# Mini Excavator Purchase



## NewSchool (Jan 8, 2012)

We have always rented excavators as needed in the past.

Now we have a long term project that will possibly warrant purchase of a machine.

How many hours would be "too many" on a used machine?

We are interested in something in the 305 size.

Any other recommendations on owning equipment?


----------



## Will (Jun 6, 2010)

Are you OldSchool's offspring??


----------



## U666A (Dec 11, 2010)

Mr.
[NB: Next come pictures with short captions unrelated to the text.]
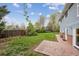 Large backyard with grass and patio area with hammock strung between the trees at 4634 S Adobe Ct, Littleton, CO 80127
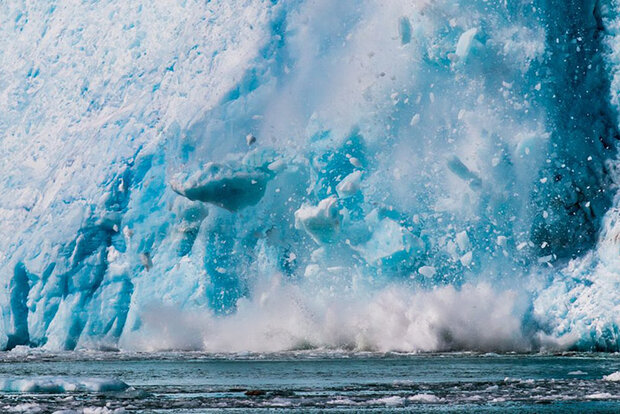 Ice crumbling off glacier front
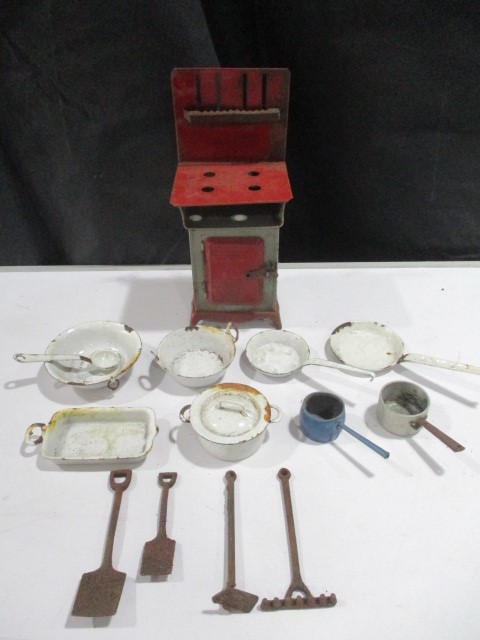 A collection of dolls house items including cooker, enamelled cookware and cast iron garden tools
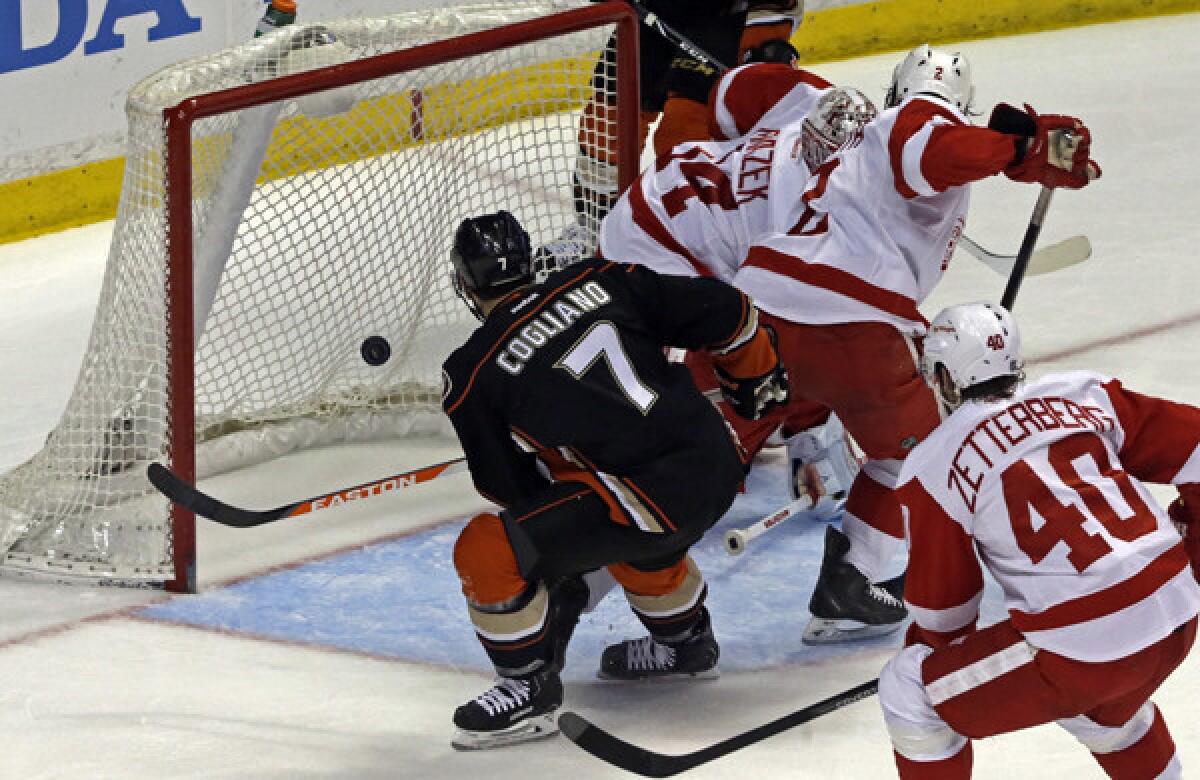 Ducks center Andrew Cogliano, left, scores past Detroit Red Wings goalie Petr Mrazek during the second period of the Ducks' 1-0 win Sunday.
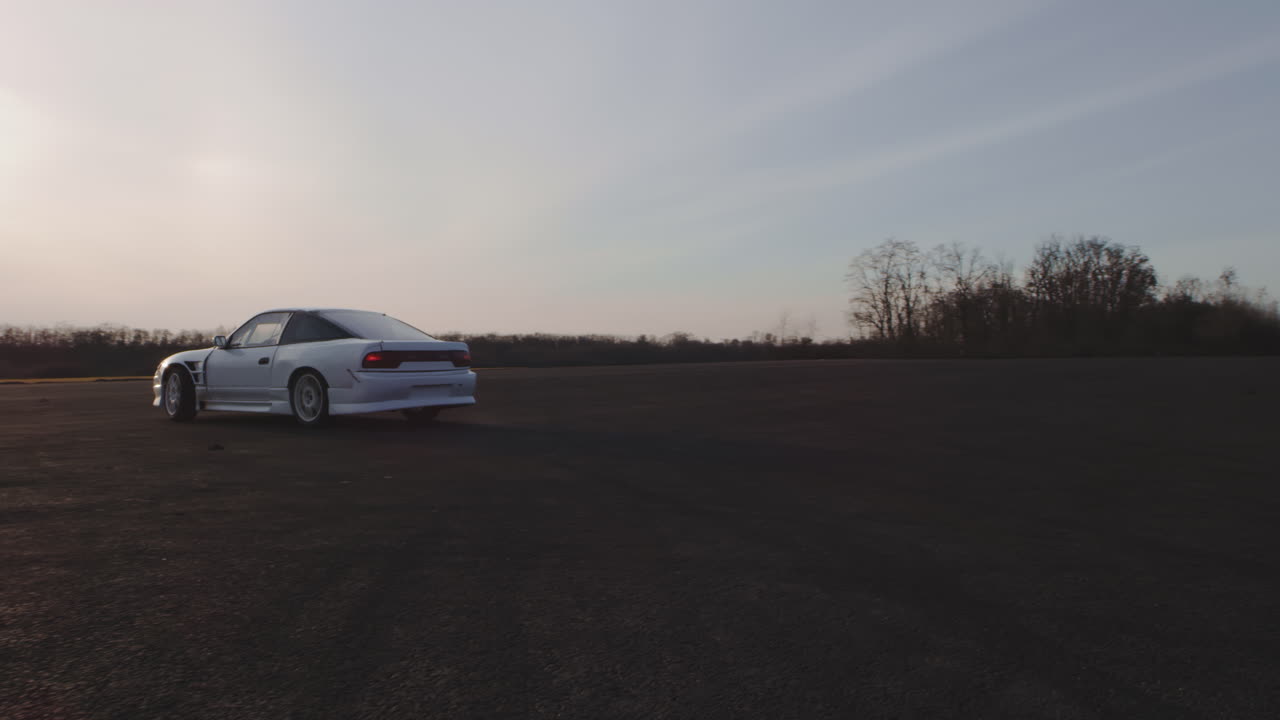 White Drift Car on a Track at Sunset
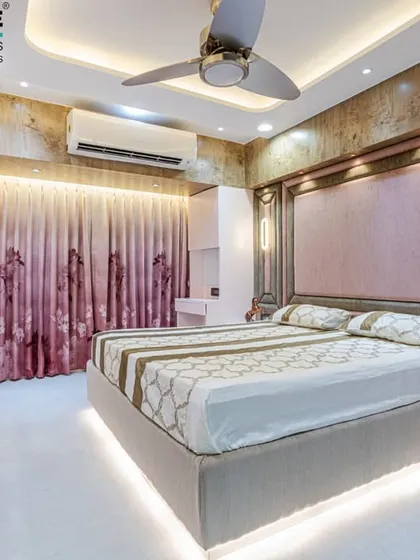 This bedroom in Seawoods features a luxurious pink upholstered headboard with vertical paneling and elegant wall sconces. The design creates a soft, romantic, and high-end feel.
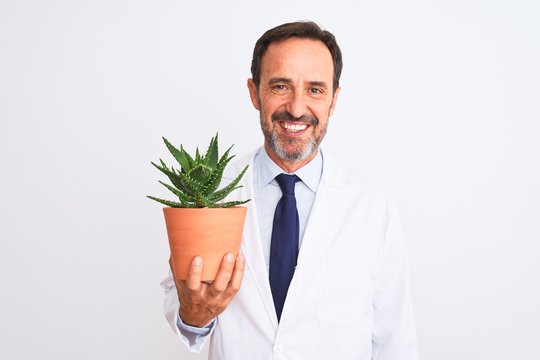 Middle Age Scientist Man Holding Cactus Plant Pot Standing Over Isolated White Background With A Happy Face Standing And Smiling With A Confident Smile Showing Teeth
Biz recently went through the motions of purchasing a mini, I'm positive he would be willing to share some advice.


----------



## Sewer Saint (May 5, 2012)

NewSchool said:


> We have always rented excavators as needed in the past.
> 
> Now we have a long term project that will possibly warrant purchase of a machine.
> 
> ...


Long Answer: Yes, I recommend owning equipment
Short Answer: Take a look at the long answer!

So what questions do you have? Caterpillar 305s are great for general work and you can usually get a solid, used one for under $65,000.

Make sure you have a flatbed trailer for transport and make sure you have a good "dump" truck to tow it as the spoil pile often cannot get backfilled in due to code.

Find a solid mechanic and find an affordable hydraulic line repair place so you can do repairs of the lift systems if needed.

I have a couple 308s, 2 316s and just upgraded to a 336d for the big jobs.


----------



## OldSchool (Jan 30, 2010)

Will said:


> Are you OldSchool's offspring??


stop picking on my Son


----------



## plbgbiz (Aug 27, 2010)

I ended up with a Kubota U15. Pperfect for our needs. 

1K hours became the cutoff point mainly because everything I saw over that was too beat up. 

Check the condition of the tracks and drive motors. Most minis should be tight enough to crawl out of almost any spot. 

The swing gear is one of the most expensive repairs. Finding a unit that is tight when starting and stopping the cab is crucial. If that is loose it better be a cheap tractor. 

In general I would stay under 800 hours and pay 1/2 of the new price or less. 

Bought mine at 825 hours and well under 1/2 of a new one. That included the trailer with new tires, new teeth (satan's dentures), and new tracks.


----------



## bulldozer (Jan 11, 2009)

We have several minis. Believe it or not our yanmar is my favorite. All I can say is cheap insurance. Make sure you keep her greased or you will be rebushing sooner then you want. Also invest in a good fuel tank with a changeable filter. Dirty fuel cans and 5 gallon cans can get contaminated and play hell on your pumps and injectors.


----------



## aero1 (Feb 13, 2009)

we own a cat 305cr great machine.


----------



## SewerRat (Feb 26, 2011)

Spend a lot of my days in a Kubota KX 121-3. Fact is I've worn out one seat already.


----------